§ Problem statement
With pictures excluded, repeat exactly the lines from the one containing "Kitchen - 2047" through the last line of the material below.

§ Data provided
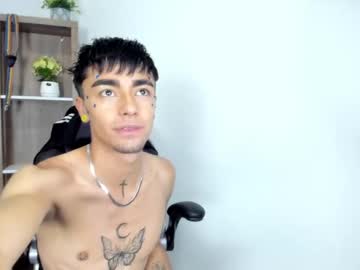 Live gay cam model Damiann_king streaming now in HD
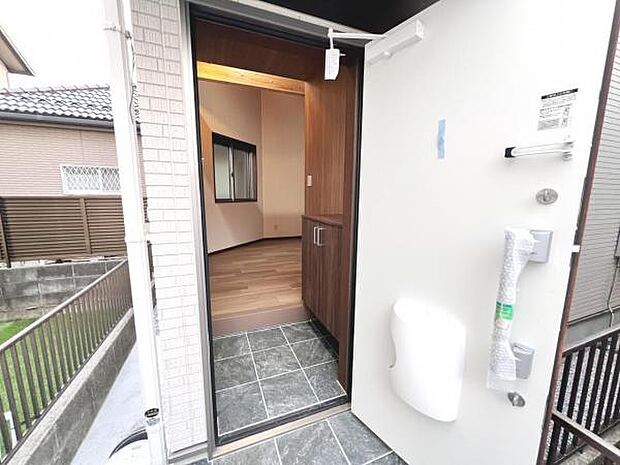 いつも気持ちよくご家族を迎えられる玄関です。
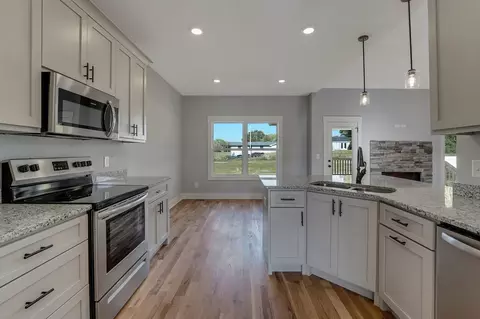 Kitchen - 2047 Beverly Ct, Springfield, TN 37172 photo 2 of 2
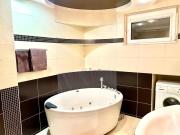 Двоповерховий Пентхаус с великим Джакузі біля метро Наукова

§ Answer to this problem
 Kitchen - 2047 Beverly Ct, Springfield, TN 37172 photo 2 of 2
 Двоповерховий Пентхаус с великим Джакузі біля метро Наукова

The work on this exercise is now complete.